At this point of the story, I started to get a little disappointed. Another clichéd tournament? No thanks, is what I initially thought. But once again, Kamijyo comes through with a twist on the whole tournament cliché and fills the story with mysterious characters and political motivations. While reading through the tournament section of this volume, which does take up most of the page count, I honestly forget at times that there was even a tournament going on. Yukimura shows up disquised as a woman so that his identity isn’t revealed to Tokugawa. But Tokugawa knows that Yukimura is there and has plans of his own as he sends out his spies to keep an eye on all the participants. The tournament is not just a battle to win the Shogun’s favor, but it’s a scheme by Tokugawa to cleanse his kingdom of all those who might threaten his throne.
Kyo’s thoughts are not on the battles in the tournament (he defeats all his block opponents at once), but are consumed with Mahiro and a tragic past that those two share. There is a little bit of info revealed, but most is left for another meeting that will happen later. This new bit of info about Kyo’s past is interesting, and once again attempts to humanize Kyo who is becoming less and less that threatening demon as he was portrayed as early on. Yukimura also has to deal with his own past as he meets his very own brother during battle, who has now become a spy for Tokugawa. The one thing that I really found disappointing with this volume is that Yuya has pretty much been pushed to the sidelines, and Benitora is not getting as much time as I would like.

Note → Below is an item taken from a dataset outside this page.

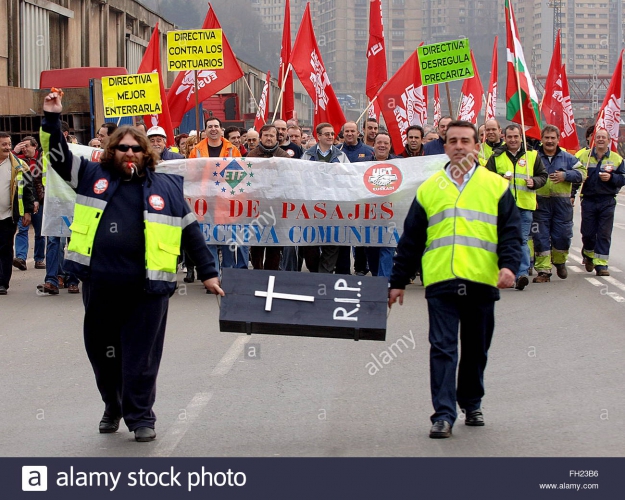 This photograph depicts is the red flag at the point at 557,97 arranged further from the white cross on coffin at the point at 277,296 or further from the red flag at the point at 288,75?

As soon as it seems Tokugawa is losing control of his tournament, he plays his trump card and ambushes all the participants with armed soldiers. It is now Kyo, Yukimura, and Benitora against a small army, and the only way out is to fight with their lives on the line! There’s a great scene featuring the three of them posed and ready to fight, and I fully admit it, I got goose bumps when that happened. Once again there is another cliffhanger ending that has me itching for that next volume, as a critical bit of info is let out right on the last page.Comments
At first I thought this volume was going to travel down familiar, clichéd paths as the tournament started. I give Kamijyo a standing ovation for completely destroying my preconceptions and instead turning the tournament into a political and intriguing battleground. I completely forgot that a tournament was even taking place. There are a lot of players here who’s motivations are unknown and are slowly revealed as the story moves on. Watching everyone maneuver each other and deal with their pasts is pretty fascinating. The pace stays quick and doesn’t drag through the battles, but it also is not in a hurry to show all its cards at once. There is a lot more hidden behind the scenes still, and I cannot wait to peel back that curtain as the story moves on. Lots of fun and very much recommended.